Завтракали молча. Я был настолько заворожен находками, что совершенно не ощущал вкуса пищи. Но когда Василий Николаевич разлил по чашкам кофе и добродушно заметил, что мне надо бы побриться, я вышел из транса и поскреб жёсткую недельную щетину, напоминающую наждак. Как это ни странно, я успокоился и даже рассмеялся. И вот что подумал: странно, но до сих пор я совершенно не интересовался, как выгляжу, ни разу не смотрелся в зеркало. А может быть, забыл, что среди тысяч предметов обихода существует такая штука, как зеркало. Я подпрыгнул, как мальчишка. Старик посмотрел на меня с изумлением. Желание увидеть свое лицо было так велико, что я не притронулся к ароматному кофе и без объяснений ретировался из–за стола, бормоча слова благодарности.
Из маленького зеркала над умывальником на меня глянул незнакомец лет сорока пяти, темные волосы с проседью, элегантная стрижка, сделанная, судя по всему, недавно – в хорошем салоне. Даже заклеенная пластырем рана не слишком портила впечатление от работы хорошего мастера. Глубокие залысины на высоком лбу с резкими морщинами говорили об интеллекте и воле этого незнакомца.
Но решительным и волевым я себя ни в коей мере сейчас не ощущал. Парадокс, да и только. Несколько вытянутый и узкий овал лица заканчивался подбородком отнюдь не мощным, короче говоря, этот портрет больше соответствовал типу интеллектуала, чем супермена. Я довольно критично рассмотрел немного удлиненный и тонкий нос, густые, почти сросшиеся на переносице брови, серо–карие глаза, – ответный взгляд, который я мгновенно уловил, был холодным и колючим. В целом я остался доволен собой. Конечно, красавцем меня не назовешь, но выглядел я достаточно привлекательно, чтобы нравиться женщинам, которые ценят мужественность, надежность и ум. Несколько едва заметных старых шрамов не портили портрета, а придавали ему особый шарм бывалого человека, не раз встречавшего опасность лицом к лицу.
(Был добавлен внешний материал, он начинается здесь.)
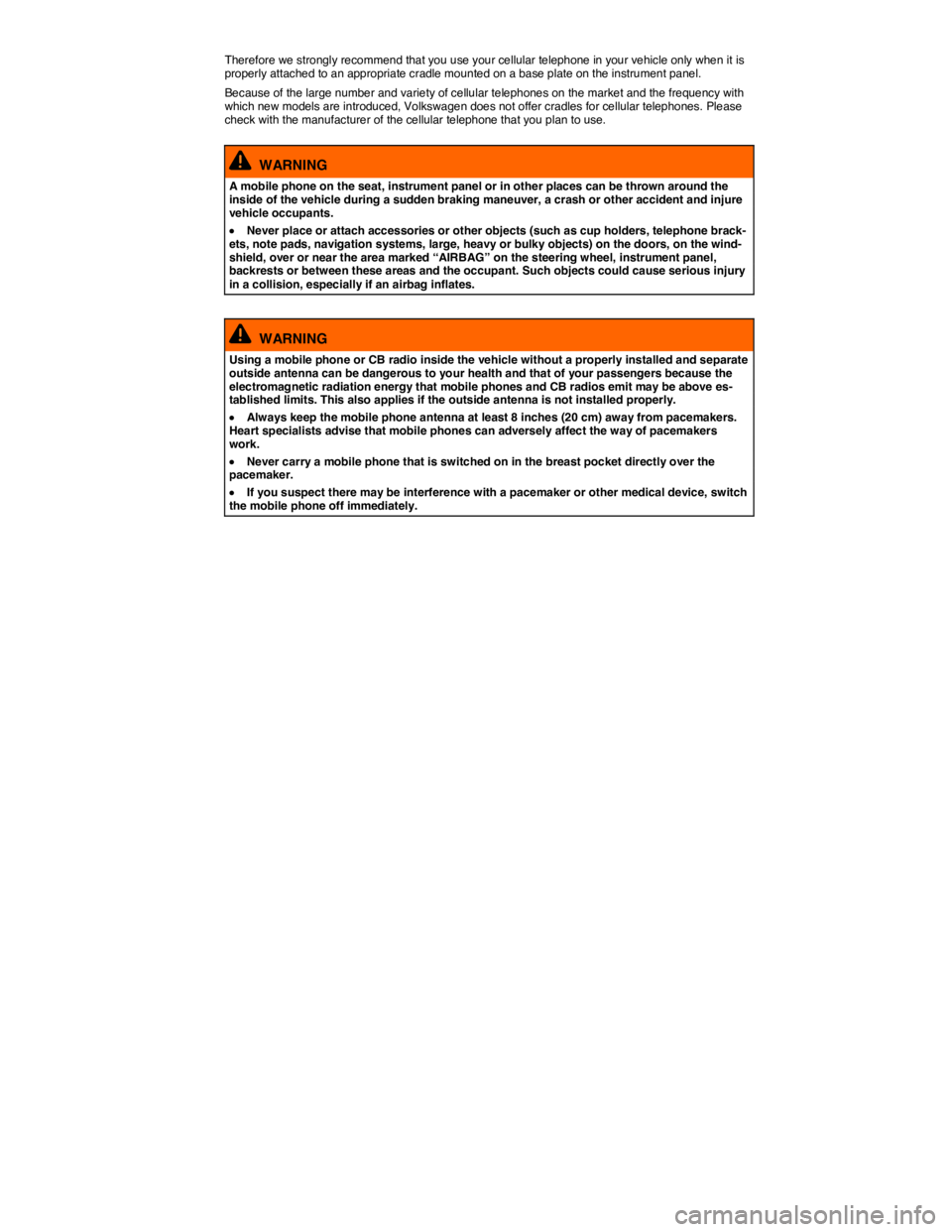 VOLKSWAGEN TOUAREG 2012  Owners Manual  
Therefore we strongly recommend that you use your cellular telephone in your vehicle only when it is properly attached to an appropriate cradle mounted on a base plate on the instrument panel. 
Beca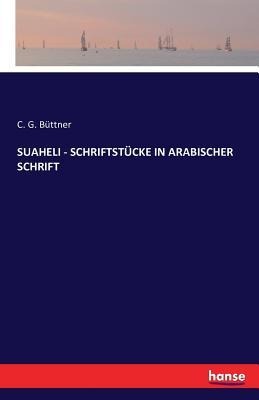 SUAHELI - SCHRIFTSTÜCKE IN ARABISCHER SCHRIFT - C. G. Büttner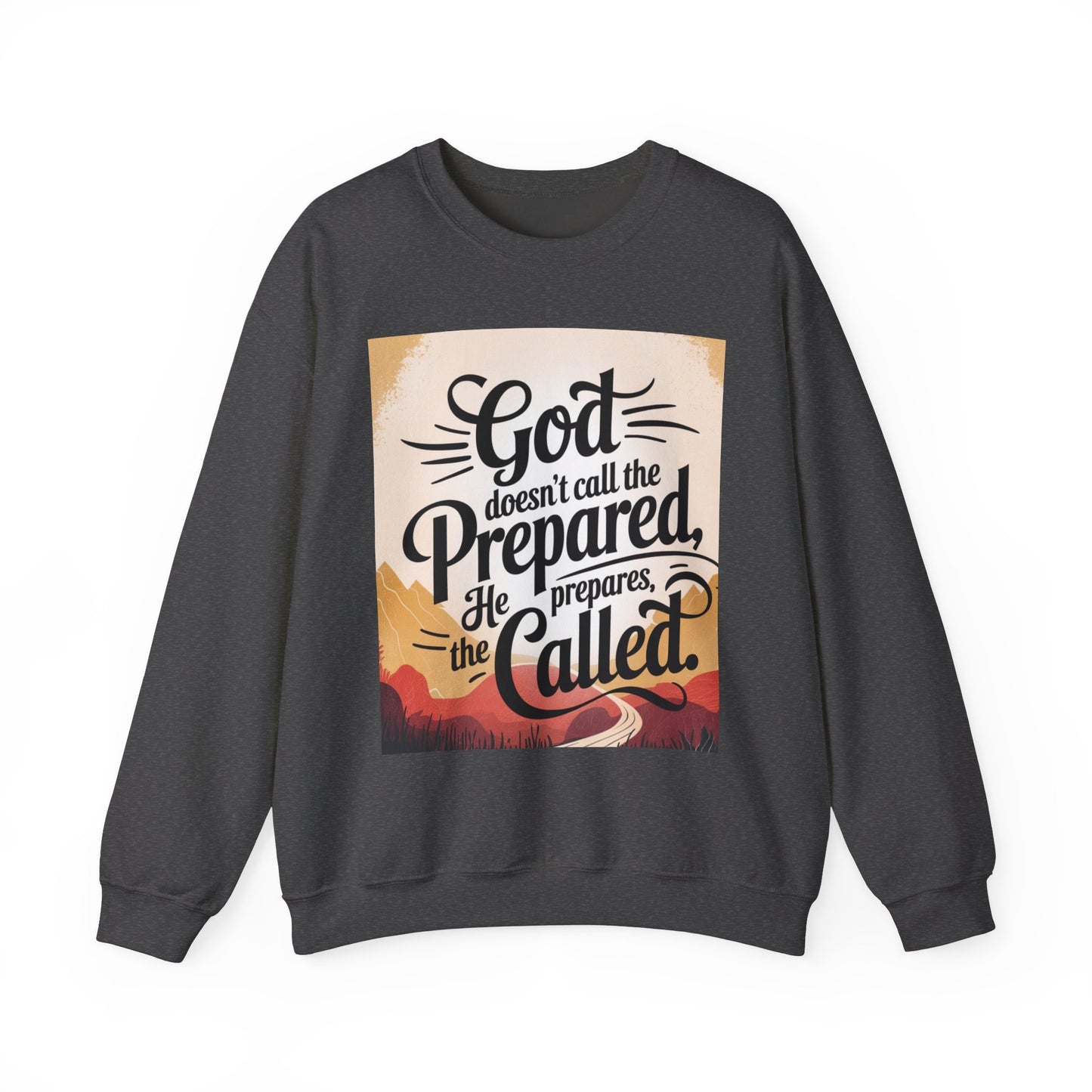 Inspirational God and Faith Crewneck Sweatshirt - God doesn't call the prepared, he prepares the called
«Джеймс Бонд в пору зрелости, – с иронией подумал я. – А что, может, и впрямь я имел какое–то отношение к рыцарям плаща и кинжала? Забавно… И что же в итоге? Что же там – в Зазеркалье? Я могу оказаться кем угодно, но пока я – никто…»
Василий Николаевич бесшумно оказался рядом и поставил передо мной бритвенный прибор. Также бесшумно ушел и принялся за уборку посуды, не проронив ни слова относительно моих последних открытий. Но я чувствовал, что тень недоверия пролегла между нами. Это подействовало на меня крайне угнетающе. Я успел привязаться к старику и теперь, как никогда, нуждался в его поддержке.
После некоторых колебаний я все же решил не сбривать бороду и усы, а лишь привести их в порядок. Это несколько модернизировало мою прежнюю внешность. Благоразумие подсказывало, что подобная мера предосторожности вовсе не будет лишней, когда я начну расследование на территории неизвестной и опасной, где любая случайная встреча могла оказаться для меня роковой. В отличие от своих врагов я не знал, ни кто они, ни как выглядят, в то время как сам был прекрасно им известен.
Тщательно выровняв контуры бороды и усов, я придирчиво осмотрел себя еще раз и остался доволен. Теперь я выглядел вполне цивилизованно, мог появиться в большом городе – а что таковой имеется по соседству, я отлично представлял из рассказов старика. Только там я мог найти ответы на все свои вопросы. Во всяком случае, я должен был попытаться сделать это, и чем скорее, тем лучше.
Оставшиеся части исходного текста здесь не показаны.